Peter Weibel, künstlerisch-wissenschaftlicher Vorstand des ZKM, beschrieb den Ansatz seines Kollegen als eine »objekt-orientierte Ontologie«, denn es gehe in letzter Konsequenz um die Frage, was sich hinter Begriffen wie »Leben« oder dem »Quantenchaos« verberge. Damit agiere Paul Thomas im »Schwellenraum zwischen Realität und virtueller Welt«, ein interdisziplinären Ansatz, den Peter Weibel befürwortete.

Die Relevanz der kurzen Beiträge, abgeschlossen von einer Kamerafahrt durch das graue Dickicht eines Wollstoffes, erschloss sich erst durch die Ausführungen zu den dort abgebildeten Materialien und deren Eigenschaften. Das Zusammenspiel von Form, Farbe, Ton und Bewegung erschien holprig. Dennoch sorgte der Vortrag für eine Erweiterung des Blicks auf die Gegenwart, in der Informationen durch neue Technologien schneller und umfangreicher gesammelt, ausgewertet und dargestellt werden als je zuvor.

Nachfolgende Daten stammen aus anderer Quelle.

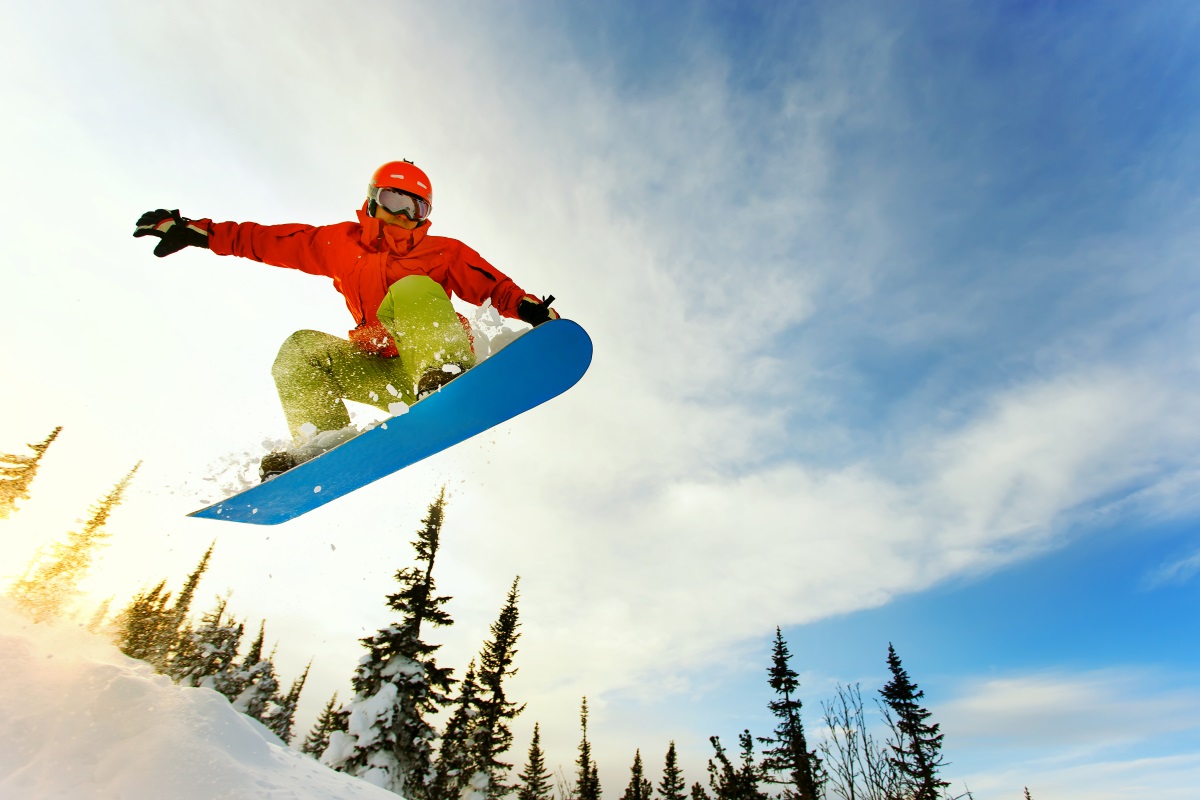 Snowboardista skáče ve vzduchu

»Alles was wir mit Sicherheit wissen ist, dass sowohl die Kunst als auch die Wissenschaft im Kern Wahrscheinlichkeit und Ungewissheit tragen.«

Paul Thomas ist Professor für Bildende Kunst an der UNSW Art and Design. Er ist Direktor des Studios für Transdisziplinäre Kunstforschung (»Studio for Transdisciplinary Art Research« – STAR) und Initiator der »Transdisciplinary Imaging« Konferenz-Serie 2010-2018. Im Jahr 2000 initiierte er die Biennale of Electronic Arts Perth 2002, 2004 und 2007 und war Gründungsdirektor. Als Künstler ist Thomas ein Pionier der transdisziplinären Kunstpraxis.